Je ne pense pas l’avoir travaillée. Au fur et à mesure de mes séjours au Japon, une relation de plus en plus étroite avec l’environnement, où qu’il soit, s’est créée et imposée comme faisant partie intégrante de ma vie quotidienne. Ce lien, aujourd’hui très fort avec l’environnement en Occident comme au Japon est devenu naturel. Toutes les situations que j’ai pu vivre au Japon, pendant des dizaines d’années, bien qu’inattendues, me sont apparues comme allant de soi.
Les haïkus occupent une place importante dans Nuages & Sources. Comment avez-vous sélectionné ceux de Sekitei et de Yosa Buson, par exemple, et qu’attendez-vous d’un haïku lorsqu’il dialogue avec une image ?
Le haïku est une forme de poésie, sans prétention, qui possède un très fort pouvoir de suggestion. Semblable en cela au style d’illustration nioizuke que je pratique, il m’est apparu judicieux d’en choisir un certain nombre qu’ils soient de poètes japonais des siècles passés comme de poètes contemporains, connus ou moins connus. Je les ai positionnés dans le texte chaque fois que l’image ou les images qu’ils véhiculaient venaient en appui du passage du texte ; un peu comme des points d’orgue, comme des images d’album, dans une totale cohérence. Ne dit-on pas que l’écriture de haïkus est le meilleur baromètre de la sensibilité japonaise ?
Votre esthétique évoque parfois les estampes japonaises, mais aussi une forme d’ascèse contemporaine. Quels artistes ou courants nourrissent particulièrement votre travail ?
Qu’il y ait eu, dans mon travail, des influences de grands maîtres japonais rencontrés dans les expositions et dans les livres, c’est incontestable. Leur fréquentation est la meilleure, sinon la seule façon, d’apprendre ; et c’est vrai pour tous les artistes, mais ces influences, chez moi, restent inconscientes, d’où la difficulté de les nommer. Je fais ce que j’ai envie de faire, comme j’ai envie de le faire, sans tenir compte d’une quelconque école, d’une quelconque audience. Même les maîtres avec lesquels j’ai eu le bonheur et le plaisir de travailler pendant des dizaines d’années ont eu la délicatesse de m’enseigner les techniques, l’esprit de la calligraphie ou du sumi-e sans jamais me demander ou même me suggérer tels ou tels sujets, sans intervenir sur le style tout en ne cessant pas d’approuver et d’encourager mon travail.
Comment abordez-vous, concrètement, le lien entre calligraphie et paysage ? Le trait est-il pour vous un chemin, une improvisation, une recherche de souffle ?
Calligraphie japonaise et peinture sumi-e sont deux pratiques qui partagent les mêmes outils, le même esprit, la même philosophie.
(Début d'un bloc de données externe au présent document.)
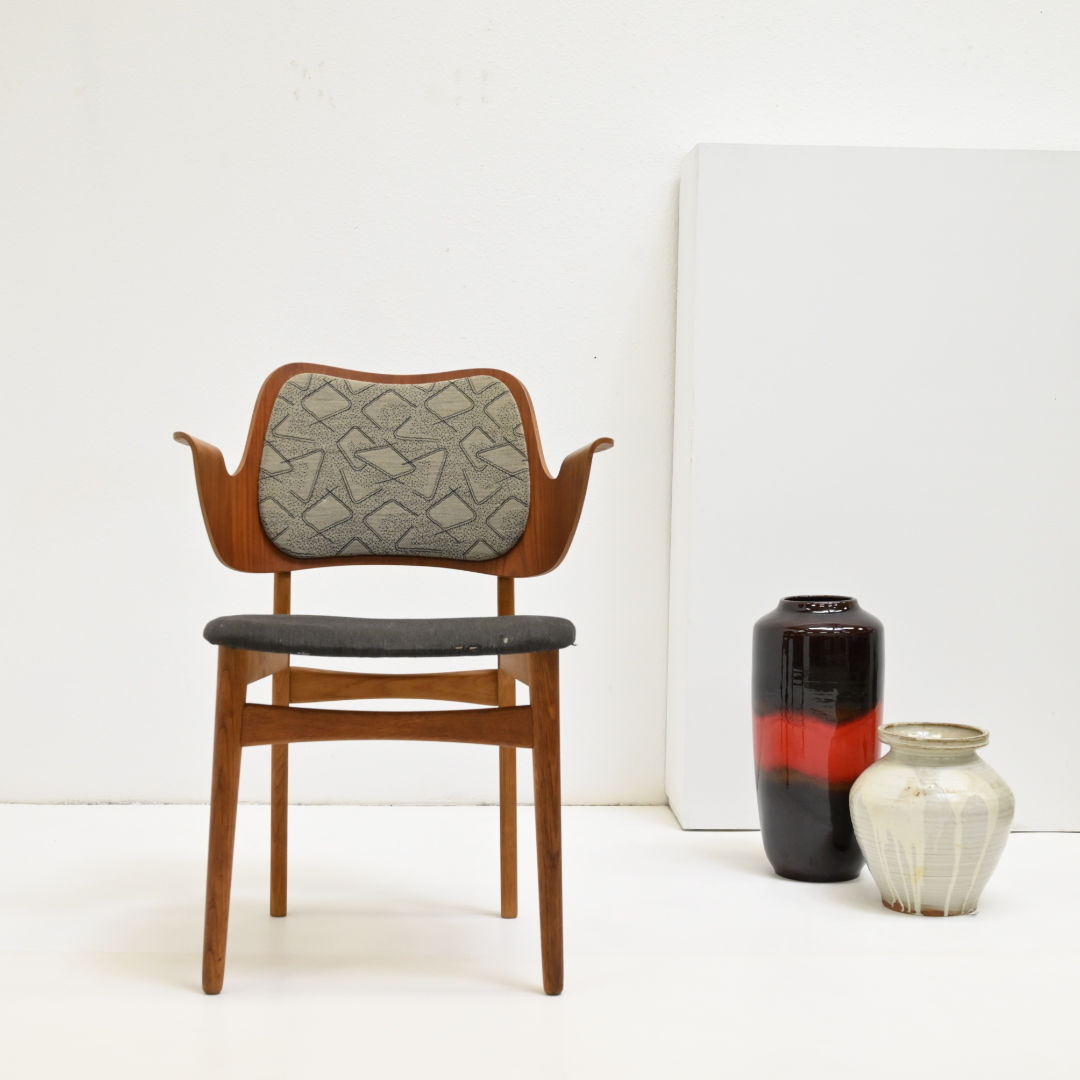 Sculptural Arm Chair - Hans Olsen, Denmark c. 1960s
Calligraphier consiste à tracer des traits de kanji (caractères d’écriture d’origine chinoise), figures frisant parfois l’abstraction surtout dans le bokusho (traces de l’encre) qui fait fi des valeurs sémantiques des caractères pour ne garder que la beauté graphique de l’encre. Le sumi-e (peinture à l’encre monochrome) au contraire consiste à tracer des traits représentant un ou des sujets concrets. Mais l’un comme l’autre demandent la même totale disponibilité d’esprit, c’est-à-dire faire pour le plaisir de faire dans l’instant, le même investissement mental. Calligraphie et sumi-e sont une seule et même voie spirituelle, une sorte de méditation.
Le mot de la fin ?
Merci à ces trois Maîtres qui ont toujours eu la patience, la générosité, la courtoisie de me faire bénéficier, au fil des ans, de leur enseignement de la calligraphie, du sumi-e et de l’art du thé, mais aussi de m’avoir initiée à une culture japonaise traditionnelle tellement surprenante de délicatesse pour une Occidentale. Je n’oublie pas les guides précieux qu’ils ont été dans la découverte de trésors paysagers d’un Japon peu connu des visiteurs étrangers. Merci à eux pour la personne et l’artiste que je suis devenue. Merci à eux de m’avoir permis d’écrire ce livre.